Executive chef Doug Psaltis oversees the operation, as he does for the rest of the Melman-siblings restaurants, but day-to-day cooking falls to chef de cuisine Craig Degel, plucked from Eataly's Baffo. (Baffo was a refined Italian dining room that recently closed; Il Porcellino's future looks considerably rosier.)

You'll pony up five or six bucks for bread, and you won't be disappointed. A large, bowl-shaped loaf of garlic ciabatta boasts a crusty exterior and soft interior, helped along by liquid butter (added tableside) and a sprinkling of herbs. Tuscan cheese bread, with its crisped bottom and tomato-and-cheese topping, eats like a stealth pizza.

Appetizers range from well-executed cliches, such as stuffed mushrooms, fried calamari and meatballs (the surprisingly light meatballs are worth your time), to more thoughtful dishes, such as tuna carpaccio, roasted artichoke and cheese-sprinkled fried Brussels sprouts. Buttery mozzarella and gently acidic tomatoes make the Caprese salad, which will be a great selection as long as tomato season lasts.

Pastas, in addition to being a bargain, are extremely good. Orecchiette tossed with fennel sausage and broccolini is a hit, as was my pork-filled ravioli (since changed to pork tortellini), but the feather-light gnocchi Bolognese might be the best dish on the menu. The 1,000-layer lasagna is the Tuesday entry on Il Porcellino's daily specials; it's a massive portion (enough for two, easily), but too-limp noodles doomed my version. Stick to the regular pasta offerings, and you'll be much happier.

Secondi include a boneless brick-chicken Vesuvio that is a well-seasoned, classic version with the requisite peas and roasted potatoes. (I prefer bone-in chicken, but more and more customers prefer the easy-to-slice version.) A hefty piece of salmon is seasoned with plenty of oregano and black pepper, alongside sauteed kale. The flavor is fine on both dishes, and both of them were slightly overcooked.

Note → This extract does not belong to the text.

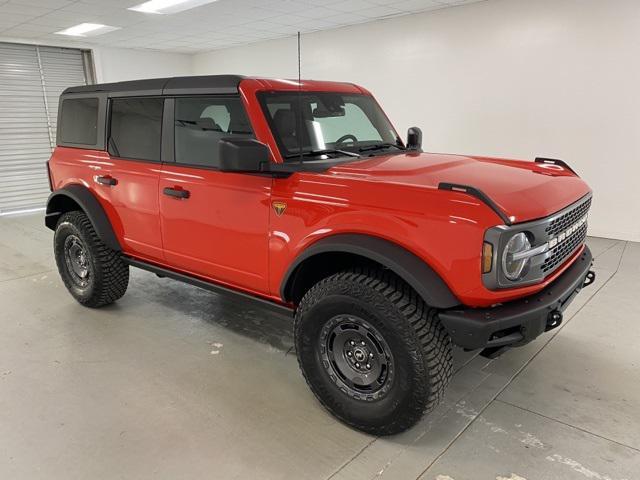 new 2024 Ford Bronco car, priced at $60,298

On Sundays, there's a set-price ($30 or so; it varies) Sunday Supper consisting of bread, salad, antipasti, pastas and entree, served family-style.

Desserts are wheeled to the table on a little cart (no easy feat when the dining room is crowded), which displays two tiramisu (one with a chocolate-banana bottom layer), lemon cookies, biscotti and the star: the zuccherati, a cannoli-shaped brioche doughnut filled with sweetened mascarpone. The chocolate-hazelnut semifreddo, a tall wedge with chocolate sauce and crushed hazelnuts, is plenty big enough for two.

The charming dining room features brick and wood-paneled walls. Glass doors swing open in warm weather, creating an open-air cafe for the front tables. At the very back of the room is a corner booth that looks inspired by Booth One in the original Pump Room (which Melman pere managed for a time), complete with vintage celebrity photos. "A lot of (the pictures) are from my dad's life," RJ Melman said. "The booth is an homage to him."

An eclectic music mix plays at a conversation-friendly volume. There are plenty of Sinatra and Sinatra-era tunes, mixed with R&B and Motown. One night the playlist went from "Too Darn Hot" to "Ain't No Woman Like the One I've Got," and from "I've Got the World on a String" to "Mustang Sally." Nice.

Il Porcellino literally means "little pig" and refers to a bronze statue in Florence, Italy. Legend has it that good luck will follow those who rub the pig's snout, and to that end, a replica of the statue sits by Il Porcellino's door. Consider rubbing the little fella on the way out; you might grab a little luck, and it doesn't look as if this restaurant needs any.